In rendering such opinion, such counsel may rely as to matters
of fact on certificates of executive officers and directors of the
Company and the Association and certificates of public officials
delivered pursuant hereto. Such counsel may assume that any agreement
is the valid and binding obligation of any parties to such agreement
other than the Company and the Association. Such opinion shall be
governed by, and interpreted in accordance with, the Legal Opinion
Accord ("Accord") of the American Bar Association Section of Business
Law (1991), and, as a consequence, references in such opinion to such
counsel's "Actual Knowledge" shall be as such term is defined in the
Accord (or knowledge based on certificates). The opinion of Elias,
Matz, Xxxxxxx & Xxxxxxx L.L.P. shall be limited to matters governed by
federal banking and securities laws and regulations, the State of
Louisiana Business Corporation Law, the LSLA and the LOFI Regulations.
With respect to matters involving the application of Louisiana Law
other than the Louisiana Business Corporation Law, such counsel may
rely, to the extent it deems proper and as specified in its opinion,
upon the opinion of local counsel satisfactory to Trident's counsel.
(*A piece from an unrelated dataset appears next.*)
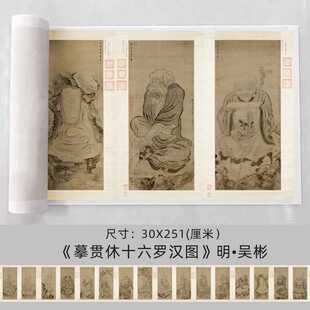 明•吴彬《摹贯休十六罗汉图》高清微喷复制白描人物画卷轴字画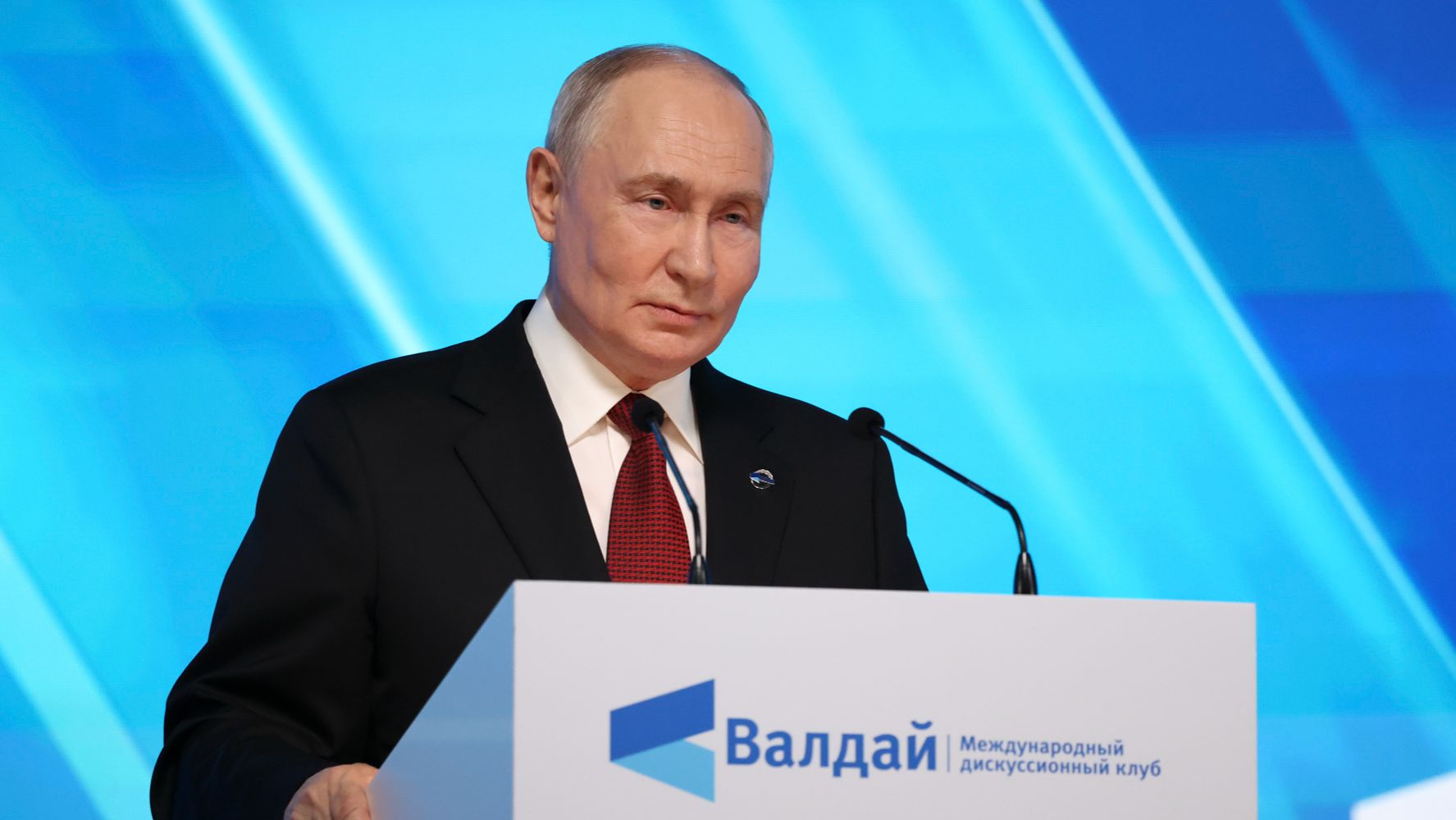 Заседание дискуссионного клуба «Валдай»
For purposes of such opinion, no proceeding shall be deemed to be
pending, no order or stop order shall be deemed to be issued, and no
action shall be deemed to be instituted unless, in each case, a
director or executive officer of the Company or the Association, or its
counsel, shall have received a copy of such proceeding, order, stop
order or action. Such opinion may be limited to statutes, regulations
and judicial interpretations and to facts as they exist as of the date
of such opinions. In rendering such opinion, such counsel need assume
no obligation to revise or supplement it should such statutes,
regulations and judicial interpretations be changed by legislative or
regulatory action, judicial decision or otherwise. Such counsel need
express no view, opinion or belief with respect to whether any proposed
or pending legislation, if enacted, or any proposed or pending
regulations or policy statements issued by any regulatory agency,
whether or not promulgated pursuant to any such legislation, would
affect the validity of the execution and delivery by the Company and
the Association of this Agreement or the issuance of the Shares.
Trident Securities, Inc.
Page 21
(b) At the Closing Date, Trident shall receive the letter of
Elias, Matz, Xxxxxxx & Xxxxxxx L.L.P., counsel for the Company and the
Association, dated the Closing Date, addressed to Trident, in form and
substance reasonably satisfactory to counsel for Trident and to the
effect that: (i) based on such counsel's participation in conferences
with representatives of the Company and the Association, their counsel,
the independent appraiser, the independent certified public accountants
for the Company and the Association, Trident and its counsel, review of
various documents and applicable law (including the requirements of
Form SB-2 and the character of the Registration Statement contemplated
thereby) and the experience such counsel has gained in its practice
under the Securities Act, nothing has come to such counsel's attention
that would lead it to believe that (i) the Registration Statement
(except as to information regarding Trident contained therein and
except as to the financial statements, notes to financial statements,
financial tables, pro forma and other financial and statistical data
and stock valuation information contained therein, as to which such
counsel need express no view), at the time it became effective and at
the time any post-effective amendment thereto became effective,
contained any untrue statement of a material fact or omitted to state a
material fact required to be stated therein or necessary to make the
statements made therein, in light of the circumstances under which they
were made, not misleading, and (ii) the Prospectus (except as to
information regarding Trident contained therein and except as to
financial statements, notes to financial statements, financial tables,
pro forma and other financial and statistical data and stock valuation
information contained therein as to which such counsel need express no
view), as of its date and as of the Closing Date, contained any untrue
statement of a material fact or omitted to state a material fact
necessary to make the statements therein, in light of the circumstances
under which they were made, not misleading. In issuing such letter,
such counsel may indicate that it has not confirmed the accuracy or
completeness of or otherwise verified the factual information contained
in the Registration Statement or the Prospectus, that it does not
assume any responsibility for the accuracy or completeness thereof, and
that it is relying as to factual matters on certificates of officers
and other factual representations by the Company and the Association.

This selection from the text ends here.